Le (néo)colonialisme littéraire de Vivan Steemers

Dans Le (néo)colonialisme littéraire, Vivan Steemers étudie les trajectoires remarquables de quatre romans à travers leur édition et leur réception : L’Enfant noir du Guinéen Camara Laye (Plon, 1953), Le Pauvre Christ de Bomba du Camerounais Mongo Beti (Robert Laffont, 1956), Les Soleils des indépendances de l’Ivoirien Ahmadou Kourouma (Presses Universitaires de Montréal, 1968) et Le Devoir de violence du Malien Yambo Ouologuem (Seuil, 1968). Au-delà des textes et des intentions d’auteurs à l’origine des romans, l’universitaire s’intéresse à d’autres “acteurs” des œuvres et de leur destinée : le contexte socio-historique, les processus d’édition et les stratégies éditoriales, la critique (universitaire et généraliste), les publics… Elle s’interroge enfin quant à la survivance d’un colonialisme littéraire depuis les Indépendances africaines francophones.

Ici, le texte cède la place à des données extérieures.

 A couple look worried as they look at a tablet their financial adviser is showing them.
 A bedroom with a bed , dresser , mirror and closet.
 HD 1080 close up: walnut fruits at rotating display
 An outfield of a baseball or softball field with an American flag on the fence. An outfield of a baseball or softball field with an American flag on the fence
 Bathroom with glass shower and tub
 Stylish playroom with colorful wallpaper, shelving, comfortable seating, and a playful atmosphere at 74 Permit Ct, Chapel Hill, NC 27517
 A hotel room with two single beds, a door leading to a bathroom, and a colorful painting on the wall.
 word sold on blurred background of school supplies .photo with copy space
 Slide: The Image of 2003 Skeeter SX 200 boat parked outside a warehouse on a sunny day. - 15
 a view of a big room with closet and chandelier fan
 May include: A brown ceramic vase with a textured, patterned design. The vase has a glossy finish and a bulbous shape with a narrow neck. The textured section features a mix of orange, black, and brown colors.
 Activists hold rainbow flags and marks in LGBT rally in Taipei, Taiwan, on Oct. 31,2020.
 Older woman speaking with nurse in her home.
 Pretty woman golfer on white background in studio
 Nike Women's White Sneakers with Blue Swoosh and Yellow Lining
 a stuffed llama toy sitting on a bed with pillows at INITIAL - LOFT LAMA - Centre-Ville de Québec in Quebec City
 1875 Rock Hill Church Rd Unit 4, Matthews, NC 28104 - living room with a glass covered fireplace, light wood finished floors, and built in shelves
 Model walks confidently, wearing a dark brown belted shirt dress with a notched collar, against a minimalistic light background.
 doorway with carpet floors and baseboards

Pierre Halen écrivait que “les littératures du Sud ne tombent pas des nues” (1), faisant référence à l’environnement (politique, économique) qui encadre la production des œuvres africaines. On a trop souvent tendance à oublier que la publication d’un roman s’inscrit avant toute chose dans un contexte donné : le Zeitgeist, pour reprendre l’expression utilisée dans Le (néo)colonialisme littéraire, ouvrage intéressant et complexe publié aux éditions Karthala en octobre 2012. Au fil de son essai, Vivan Steemers fait progressivement le jour sur une histoire litté...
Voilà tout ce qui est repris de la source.